How distributed replicas gossip to heal silent data divergence.
In eventually consistent systems (like DynamoDB or Cassandra), network partitions or dropped packets can cause one database replica to miss a write. "Anti-entropy" is a background process where replicas randomly pair up, compare their data, and resolve differences to ensure they eventually converge to the exact same state.
Comparing terabytes of data over the network is too slow. Instead, databases use a Merkle Tree (a tree of hashes). Replicas only compare the root hash. If it differs, they traverse down the tree to find exactly which blocks of data differ, transferring only the missing data.
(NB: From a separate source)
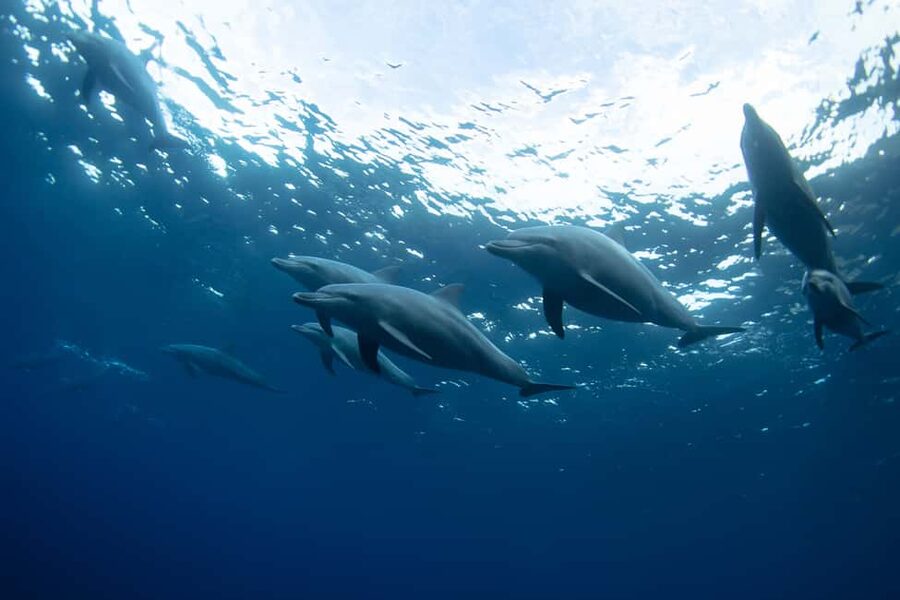 Punta Cana: Dolphin Explorer Swims and Interactions - Excellence Swim and the foot push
# Simplified Anti-Entropy Round
def anti_entropy_round(node1, node2):
# 1. Compare root hashes (O(1) network cost)
if node1.merkle_tree.root_hash() == node2.merkle_tree.root_hash():
return # Perfect sync!
# 2. Find differences by traversing the tree
differing_keys = find_mismatched_leaves(node1.merkle_tree, node2.merkle_tree)
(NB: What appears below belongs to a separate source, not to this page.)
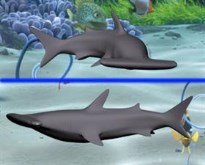 HammerheadDX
# 3. Exchange data for only those keys
for key in differing_keys:
val1, timestamp1 = node1.get(key)
val2, timestamp2 = node2.get(key)
# Last-Write-Wins (LWW) resolution
if timestamp1 > timestamp2:
node2.put(key, val1, timestamp1)
else:
node1.put(key, val2, timestamp2)
Time Complexity: O(log N) network rounds to find a mismatched block of data using a Merkle tree, where N is the number of data blocks. Space Complexity: O(N) to store the Merkle tree hashes in memory/disk.